=== WHAT YOU ARE ASKED TO DO ===
The required output is an exact copy of the lines from the one containing "Stew with potatoes, carrots, pickles, tomatoes" through the end of the entries below, with pictures removed.
PROVIDED DATA Block Start
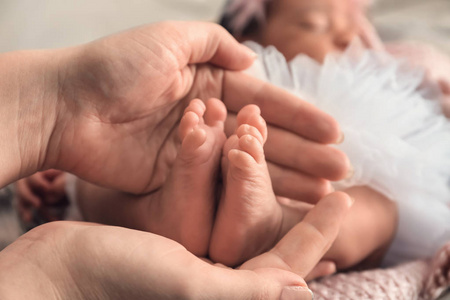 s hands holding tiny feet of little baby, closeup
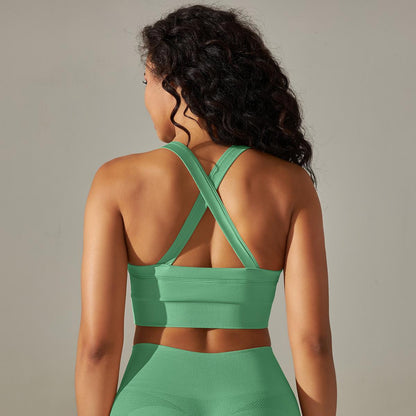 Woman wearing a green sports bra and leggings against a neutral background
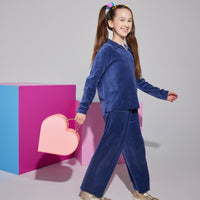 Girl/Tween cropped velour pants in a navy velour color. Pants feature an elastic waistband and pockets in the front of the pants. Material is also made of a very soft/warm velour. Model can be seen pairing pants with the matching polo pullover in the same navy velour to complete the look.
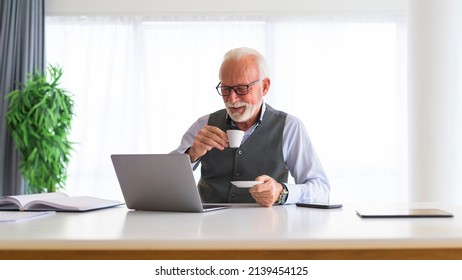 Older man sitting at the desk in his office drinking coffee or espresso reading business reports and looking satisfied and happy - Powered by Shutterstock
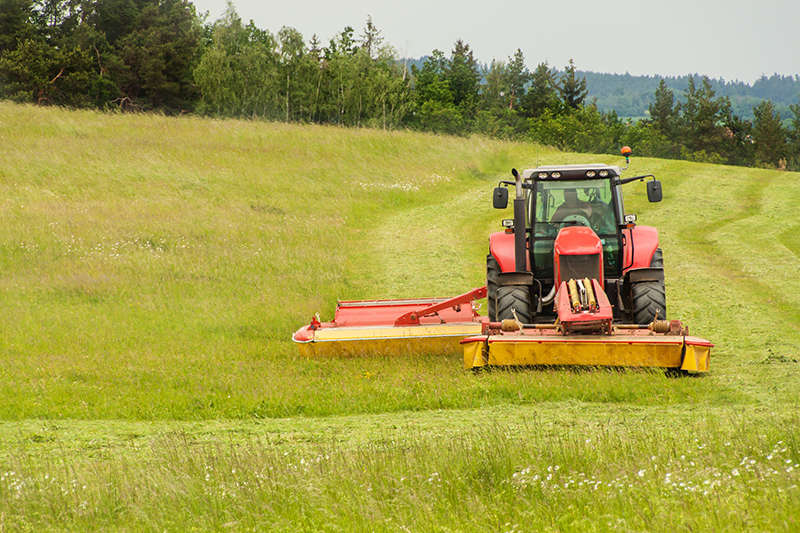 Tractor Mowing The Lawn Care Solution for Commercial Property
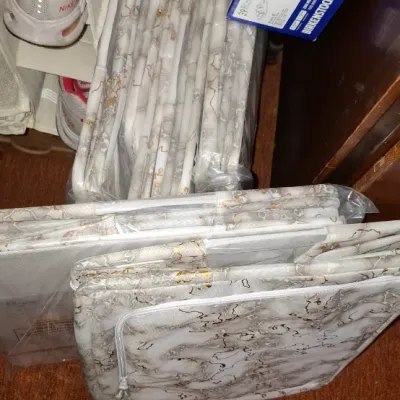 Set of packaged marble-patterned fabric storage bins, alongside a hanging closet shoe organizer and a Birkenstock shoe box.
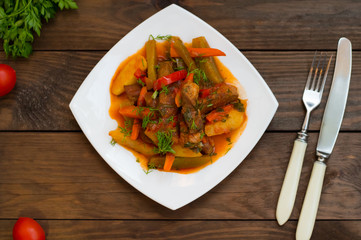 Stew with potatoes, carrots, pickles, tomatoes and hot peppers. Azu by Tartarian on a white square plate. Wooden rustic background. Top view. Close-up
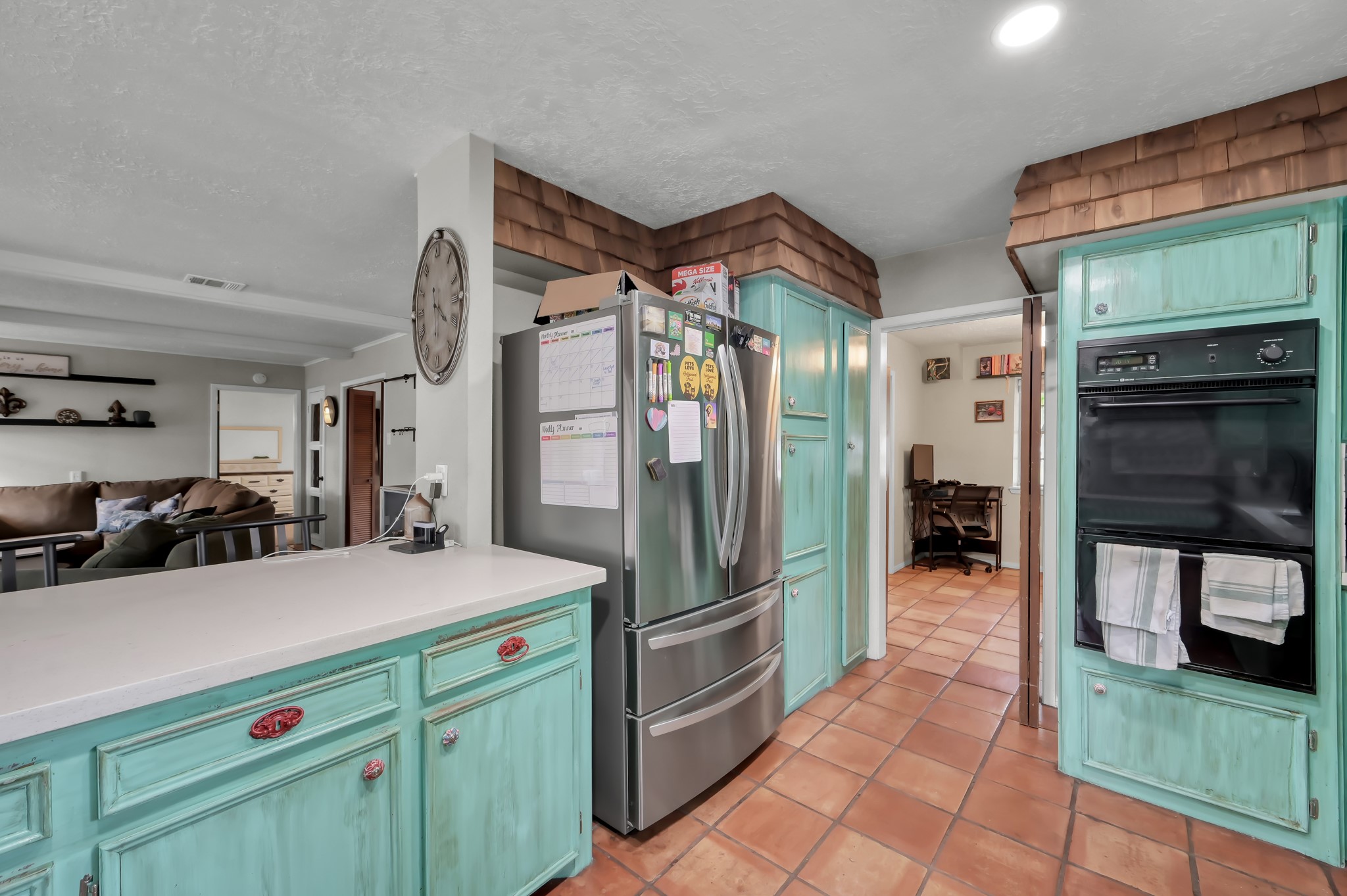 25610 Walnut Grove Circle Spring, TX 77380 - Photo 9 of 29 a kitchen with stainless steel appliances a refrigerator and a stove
PROVIDED DATA Block End
=== TASK ANSWER ===
 Stew with potatoes, carrots, pickles, tomatoes and hot peppers. Azu by Tartarian on a white square plate. Wooden rustic background. Top view. Close-up
 25610 Walnut Grove Circle Spring, TX 77380 - Photo 9 of 29 a kitchen with stainless steel appliances a refrigerator and a stove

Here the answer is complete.